Given the records below, pull every line with the word "Used" into the answer.

(Brief descriptive captions)
==*==

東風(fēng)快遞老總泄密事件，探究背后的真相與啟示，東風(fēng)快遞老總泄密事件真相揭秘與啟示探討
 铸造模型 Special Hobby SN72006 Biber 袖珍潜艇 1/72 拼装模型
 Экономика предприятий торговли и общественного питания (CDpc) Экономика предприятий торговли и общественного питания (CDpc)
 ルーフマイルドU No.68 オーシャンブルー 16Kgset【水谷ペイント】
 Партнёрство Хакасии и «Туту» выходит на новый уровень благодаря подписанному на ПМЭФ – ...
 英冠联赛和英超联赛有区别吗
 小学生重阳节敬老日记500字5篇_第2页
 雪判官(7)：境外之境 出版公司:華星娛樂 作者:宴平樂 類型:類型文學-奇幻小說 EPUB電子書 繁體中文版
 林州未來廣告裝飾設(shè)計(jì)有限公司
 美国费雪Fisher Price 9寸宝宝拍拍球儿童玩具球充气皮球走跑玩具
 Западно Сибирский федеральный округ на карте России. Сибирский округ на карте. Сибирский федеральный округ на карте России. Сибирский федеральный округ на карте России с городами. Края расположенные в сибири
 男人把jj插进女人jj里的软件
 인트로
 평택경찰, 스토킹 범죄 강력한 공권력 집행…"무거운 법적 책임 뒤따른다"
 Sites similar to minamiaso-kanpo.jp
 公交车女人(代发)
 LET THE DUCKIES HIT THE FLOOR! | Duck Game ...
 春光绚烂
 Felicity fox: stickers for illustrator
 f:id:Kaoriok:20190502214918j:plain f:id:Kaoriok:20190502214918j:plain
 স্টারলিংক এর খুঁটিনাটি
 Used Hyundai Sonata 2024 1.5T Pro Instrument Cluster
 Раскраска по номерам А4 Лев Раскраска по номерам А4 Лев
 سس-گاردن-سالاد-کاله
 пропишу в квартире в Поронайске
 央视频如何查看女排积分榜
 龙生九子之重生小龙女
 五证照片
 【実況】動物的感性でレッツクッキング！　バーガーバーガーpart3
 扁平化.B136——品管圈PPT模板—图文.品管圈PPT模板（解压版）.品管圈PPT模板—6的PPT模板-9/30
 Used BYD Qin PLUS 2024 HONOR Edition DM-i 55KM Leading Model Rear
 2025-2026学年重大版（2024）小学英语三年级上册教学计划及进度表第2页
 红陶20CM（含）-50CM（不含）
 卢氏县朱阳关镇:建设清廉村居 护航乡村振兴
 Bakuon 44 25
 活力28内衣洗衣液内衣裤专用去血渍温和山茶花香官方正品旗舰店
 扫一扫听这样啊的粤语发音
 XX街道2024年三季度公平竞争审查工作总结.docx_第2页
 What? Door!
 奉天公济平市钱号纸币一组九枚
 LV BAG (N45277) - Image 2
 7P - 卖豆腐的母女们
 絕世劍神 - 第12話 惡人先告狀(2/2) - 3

==*==

_COMPLETED TASK_
 Used Hyundai Sonata 2024 1.5T Pro Instrument Cluster
 Used BYD Qin PLUS 2024 HONOR Edition DM-i 55KM Leading Model Rear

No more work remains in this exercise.